Linda Hoye, one of my sisters in Story Circle Network, reminded me today that SCN’s Stories from the Heart Conference 2012 will take place April 13-15, here in Austin. She’ll be there. Sisters I’ve met in person or online will be there. Sisters I would like to meet will be there.
Will I be there?
I’m dithering. But I think the answer is Yes.
You see, I attended the 2008 conference and benefited in ways I can’t begin to describe. In 2010, however, citing fiscal responsibility and restraint (aka saintly self-denial), I did not attend. Later, I told a friend it was a good thing I hadn’t arranged to go, because on the weekend of the conference I was sick in bed. She responded, “You were sick because you didn’t go to the conference.” She was right.
Story Circle Network, a nonprofit organization with an international membership, exists to help women write their life stories and share them with each other and with posterity. Conference workshops focus on ways to get those stories onto the page.
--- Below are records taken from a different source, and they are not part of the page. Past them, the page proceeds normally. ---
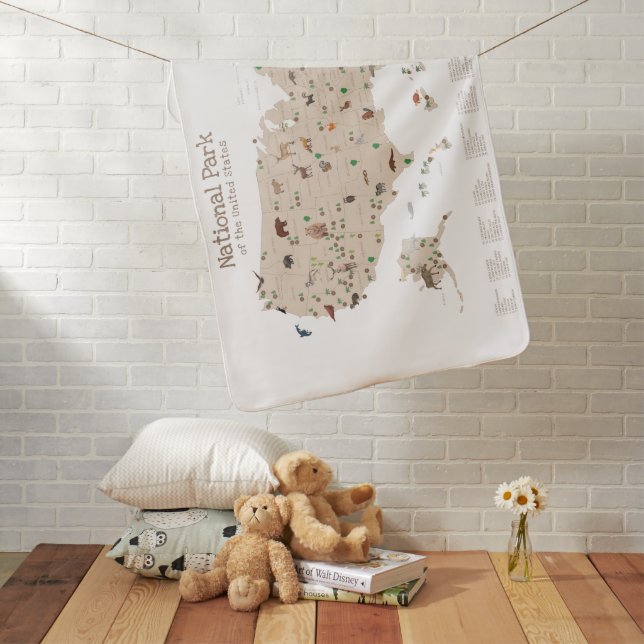 Beige National Parks Map Woodland Baby Blanket (In Situ)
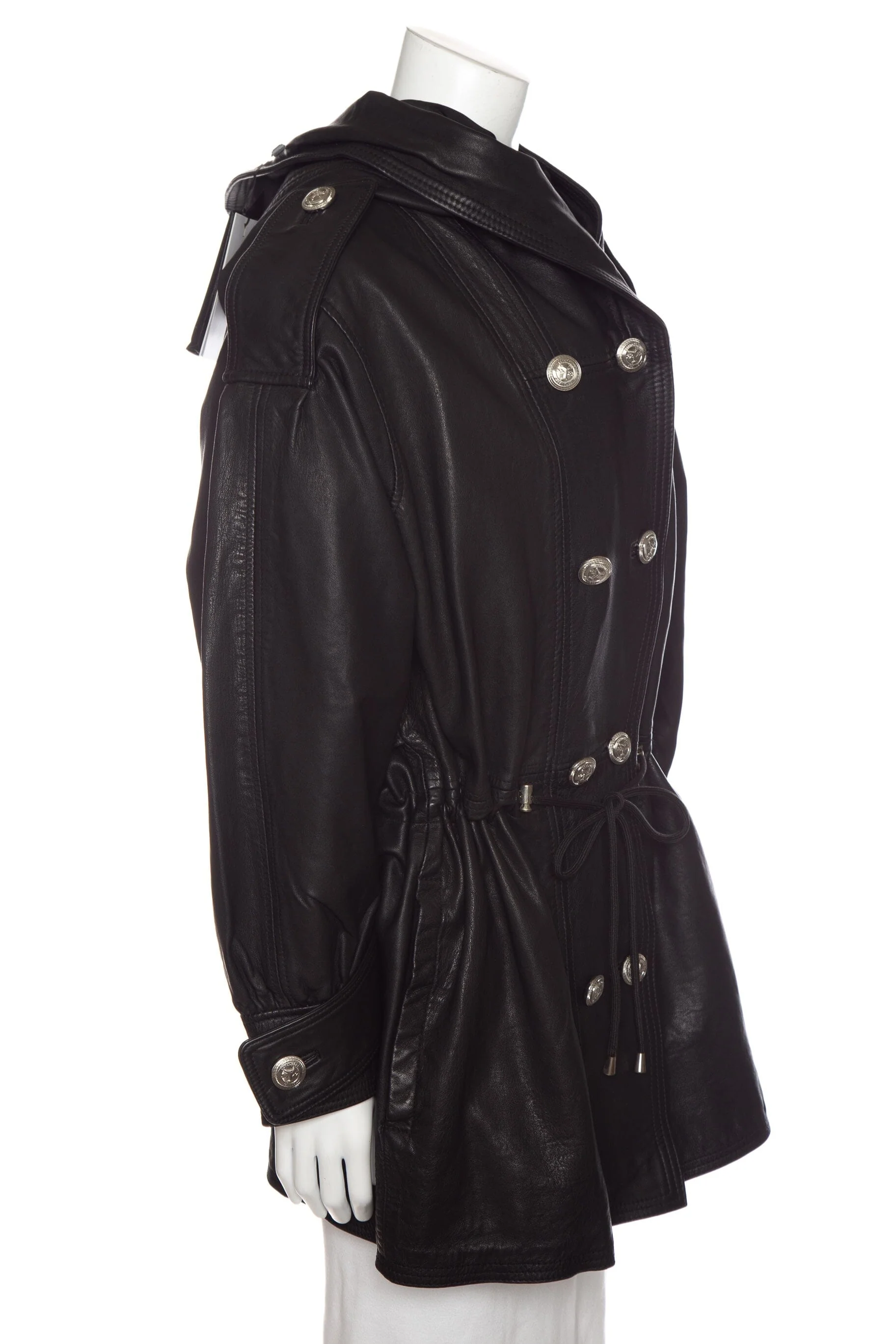 Retrofete Black Leather Double Breasted Hooded Coat SZ M NWT - Image 2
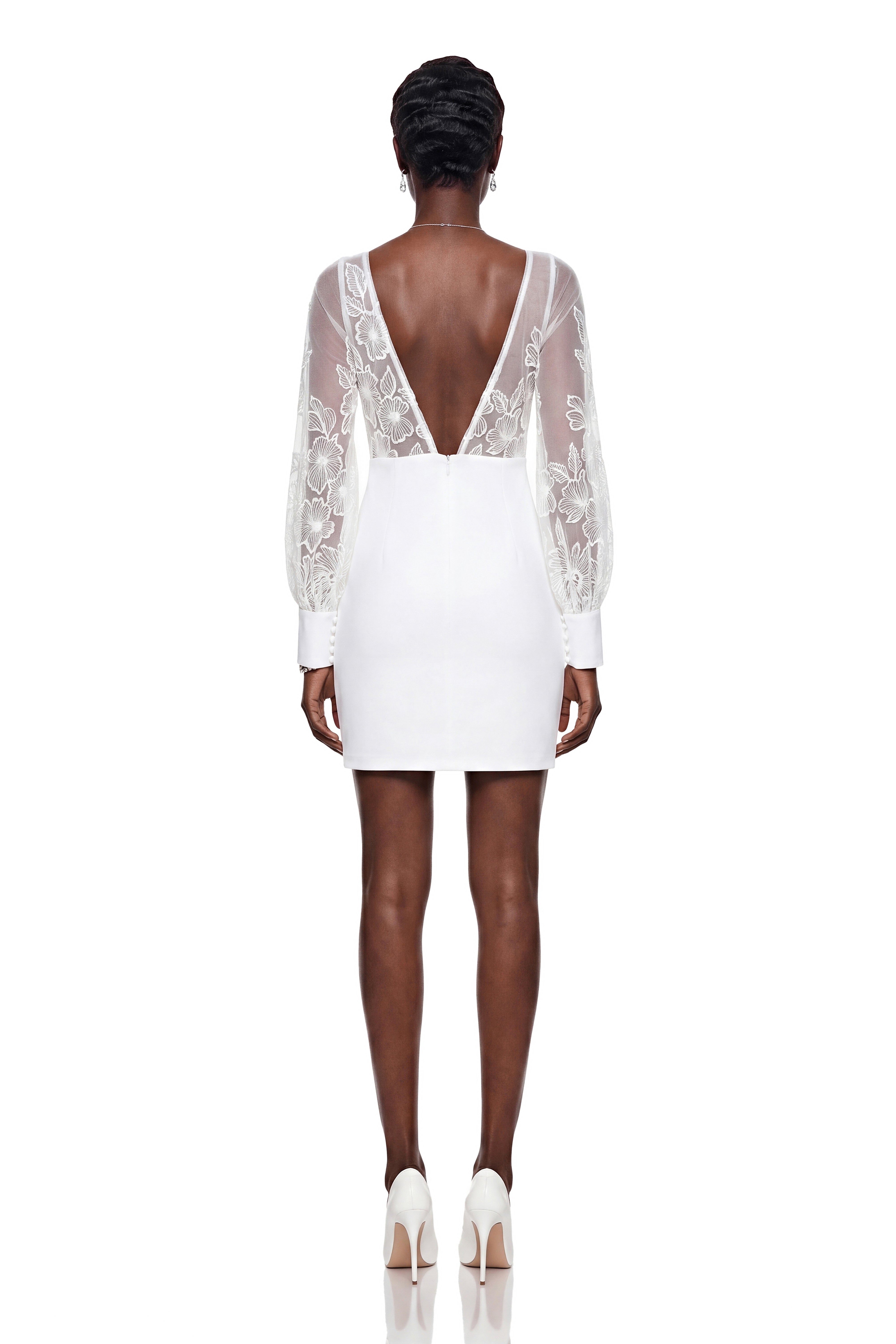 Rosalind White V-Neck Puff Sleeve Mini Dress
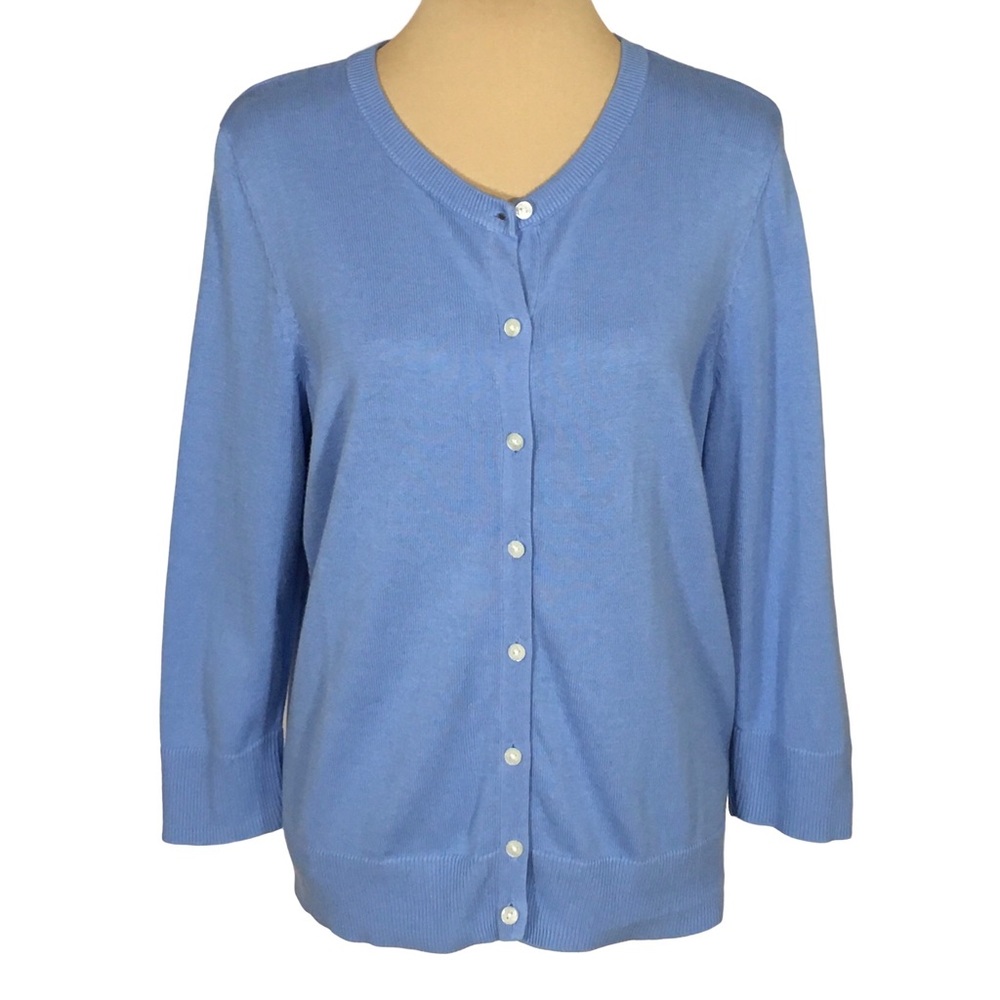 Croft & Barrow Light Blue Crewneck 3/4 Sleeve Cardigan, Petite Large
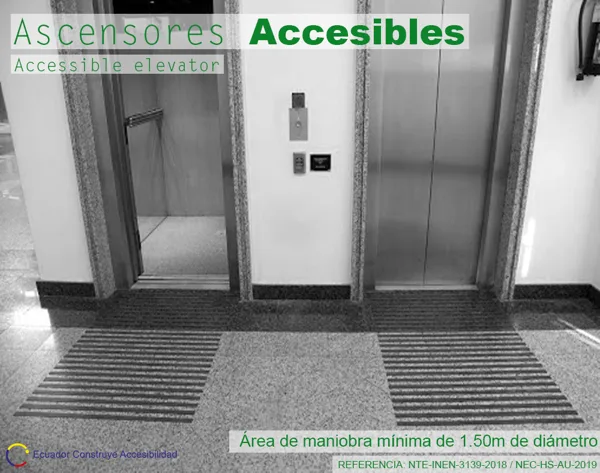 Ascensores accesibles - espacio de maniobra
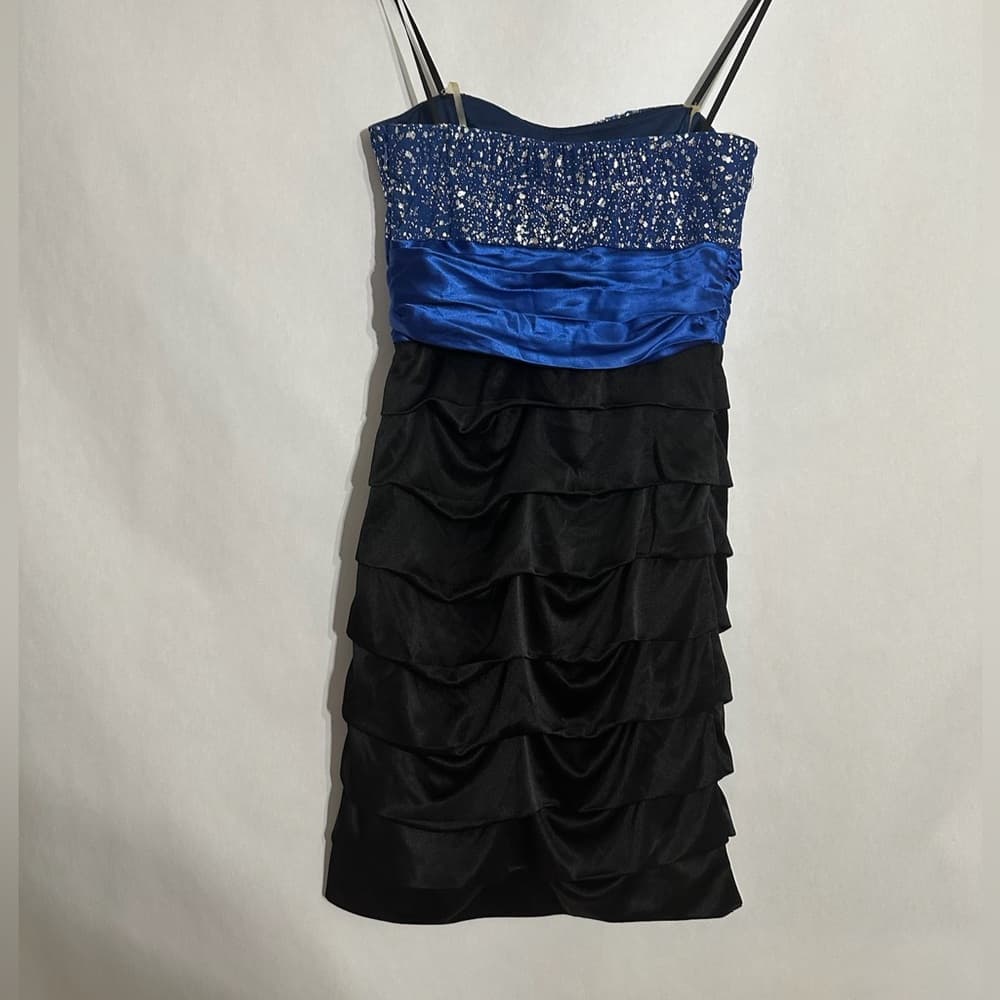 Speechless Glitter Bodice Layered Ruffle Mini Dress Y2K Blue & Black Size Small - Thumbnail 3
There’s a keynote speech by a noted author, and social hours, and a farewell luncheon with entertainment, and an evening of sharing at an open mike. I could go into detail, but I won’t. All the information is on the webpage.
Anyway, some things can’t be scheduled. The most memorable moment of the 2008 conference wasn’t on the program.
It happened Saturday evening where a dozen or so strangers were gathered around a table in the hotel restaurant, having dinner and talking about our lives.
One of the women, Jean, said she had moved to San Antonio in the aftermath of Hurricane Katrina. She had been traveling when the hurricane hit, and her home in New Orleans had been spared, but at her age, she could never feel secure living there again. She was seriously depressed; she had lost her home and way of life, the relative she had come to live with had died, and no one could understand the trauma she had experienced. She felt hopeless.
Midway through the meal, the restaurant manager, a tall, young African-American woman, stopped by the table to make sure service had been adequate. She asked about the conference. One of the diners explained why we were there and invited her to write with us.
“Oh, I’m not a writer.”
In Story Circle, that excuse means nothing. “Then maybe you have a story to tell.”
“Oh, yes,” she said, “I have a story.” And, in a voice that drew us in, she launched into an account that went something like this:
I was in New Orleans when Hurricane Katrina hit. I managed the food services at a nursing home for elderly nuns. We helped get the nuns evacuated, but there was no room for anyone else, so all the staff stayed behind. Some of the people had gone and gotten their children, so they were with us, too. When the water began to rise, we went upstairs, but the water kept rising, so we got on the roof. We were up there for days, with helicopters going over, and us waving and shouting, but they ignored us. When the waters went down, some of us went looking for food, because we had nothing. We waded through the flood to a grocery store where we found some bread, and we carried it back, but our legs broke out in ulcers from the chemicals polluting the water. When the helicopters finally landed, they wanted to take the children, but we said, No, if you take the children, we’ll never see them again. We kept the children with us. We were up there for two weeks. When I finally got out, I found my brother in Chicago and went to him, but the city was too big. I needed somewhere smaller and more like home, so I came to Austin and got this job. But I can’t forget, and nobody here really understands what I’ve been through.
When she stopped talking, the room was hushed. We must have looked like wide-eyed children listening to a ghost story. Then someone said, “There’s a lady here who needs to talk to you,” and led her to Jean.
Later, discussing what had happened around that table, one of the listeners called it holy.
That’s exactly what it was.
And that’s why for all my dithering, I really have no choice. I’m going to have to say Yes.